### [What to produce]
Among the entries below, how many lines contain the string "Image"? Only the number, please.

Input data START

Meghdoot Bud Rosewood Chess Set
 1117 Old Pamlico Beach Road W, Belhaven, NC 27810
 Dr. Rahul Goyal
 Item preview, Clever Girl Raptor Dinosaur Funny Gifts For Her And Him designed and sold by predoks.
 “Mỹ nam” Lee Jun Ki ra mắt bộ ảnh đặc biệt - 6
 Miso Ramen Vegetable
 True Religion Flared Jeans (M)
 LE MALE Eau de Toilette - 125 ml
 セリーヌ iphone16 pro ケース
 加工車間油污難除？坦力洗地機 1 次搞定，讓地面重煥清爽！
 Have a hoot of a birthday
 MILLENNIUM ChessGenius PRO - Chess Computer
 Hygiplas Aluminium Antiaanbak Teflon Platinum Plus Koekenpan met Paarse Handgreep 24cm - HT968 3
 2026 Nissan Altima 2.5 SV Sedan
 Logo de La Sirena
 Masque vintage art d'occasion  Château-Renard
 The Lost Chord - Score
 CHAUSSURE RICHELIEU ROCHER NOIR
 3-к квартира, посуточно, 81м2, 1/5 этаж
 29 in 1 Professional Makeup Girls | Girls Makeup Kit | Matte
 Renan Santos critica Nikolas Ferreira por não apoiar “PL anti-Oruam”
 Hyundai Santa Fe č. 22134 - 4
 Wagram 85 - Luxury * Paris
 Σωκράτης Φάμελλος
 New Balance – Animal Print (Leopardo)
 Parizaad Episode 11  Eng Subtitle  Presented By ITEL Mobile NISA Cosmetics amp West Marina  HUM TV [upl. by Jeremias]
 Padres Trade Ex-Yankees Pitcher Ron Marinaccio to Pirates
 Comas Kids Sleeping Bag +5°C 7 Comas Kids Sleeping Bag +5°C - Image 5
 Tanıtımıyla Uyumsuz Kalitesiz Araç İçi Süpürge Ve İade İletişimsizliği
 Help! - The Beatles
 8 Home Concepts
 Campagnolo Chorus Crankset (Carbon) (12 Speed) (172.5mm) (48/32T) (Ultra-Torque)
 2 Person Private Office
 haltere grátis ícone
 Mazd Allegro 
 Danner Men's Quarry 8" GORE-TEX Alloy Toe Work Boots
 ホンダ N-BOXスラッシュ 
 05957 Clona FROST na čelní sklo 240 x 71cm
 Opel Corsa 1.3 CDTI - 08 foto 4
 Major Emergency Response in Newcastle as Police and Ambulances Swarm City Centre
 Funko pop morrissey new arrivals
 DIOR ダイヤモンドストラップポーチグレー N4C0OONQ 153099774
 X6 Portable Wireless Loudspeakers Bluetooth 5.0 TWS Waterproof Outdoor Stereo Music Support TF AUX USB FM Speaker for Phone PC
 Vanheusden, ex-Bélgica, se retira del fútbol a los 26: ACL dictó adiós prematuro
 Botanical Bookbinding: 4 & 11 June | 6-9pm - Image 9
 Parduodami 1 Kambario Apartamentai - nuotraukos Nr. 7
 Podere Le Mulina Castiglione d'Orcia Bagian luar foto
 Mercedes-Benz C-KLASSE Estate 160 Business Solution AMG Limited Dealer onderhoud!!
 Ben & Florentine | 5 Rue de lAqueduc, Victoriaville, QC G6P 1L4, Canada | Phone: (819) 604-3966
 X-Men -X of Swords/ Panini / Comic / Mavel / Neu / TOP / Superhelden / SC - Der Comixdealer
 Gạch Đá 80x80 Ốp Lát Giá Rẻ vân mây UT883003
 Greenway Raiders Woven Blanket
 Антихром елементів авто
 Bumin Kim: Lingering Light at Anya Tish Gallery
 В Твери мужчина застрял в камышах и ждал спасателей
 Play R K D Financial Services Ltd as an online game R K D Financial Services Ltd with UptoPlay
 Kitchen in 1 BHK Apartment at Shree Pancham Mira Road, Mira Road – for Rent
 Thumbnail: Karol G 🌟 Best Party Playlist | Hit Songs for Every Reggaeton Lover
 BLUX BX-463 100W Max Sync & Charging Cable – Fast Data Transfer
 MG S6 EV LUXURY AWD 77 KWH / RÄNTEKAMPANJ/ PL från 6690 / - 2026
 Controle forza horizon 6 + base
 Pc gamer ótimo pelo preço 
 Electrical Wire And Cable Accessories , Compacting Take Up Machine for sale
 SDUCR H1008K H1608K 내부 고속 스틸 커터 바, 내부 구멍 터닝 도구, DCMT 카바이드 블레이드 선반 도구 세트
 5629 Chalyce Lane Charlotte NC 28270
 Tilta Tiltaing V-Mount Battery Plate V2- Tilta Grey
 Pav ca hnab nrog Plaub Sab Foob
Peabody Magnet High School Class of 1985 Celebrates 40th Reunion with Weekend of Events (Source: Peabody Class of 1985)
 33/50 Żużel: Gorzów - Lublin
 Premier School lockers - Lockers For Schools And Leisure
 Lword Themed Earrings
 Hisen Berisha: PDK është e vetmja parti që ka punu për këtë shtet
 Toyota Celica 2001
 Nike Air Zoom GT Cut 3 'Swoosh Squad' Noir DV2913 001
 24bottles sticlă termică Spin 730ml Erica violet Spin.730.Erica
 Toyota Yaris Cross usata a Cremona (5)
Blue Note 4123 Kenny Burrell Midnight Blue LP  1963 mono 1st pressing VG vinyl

Input data END

### [Output of the exercise]
2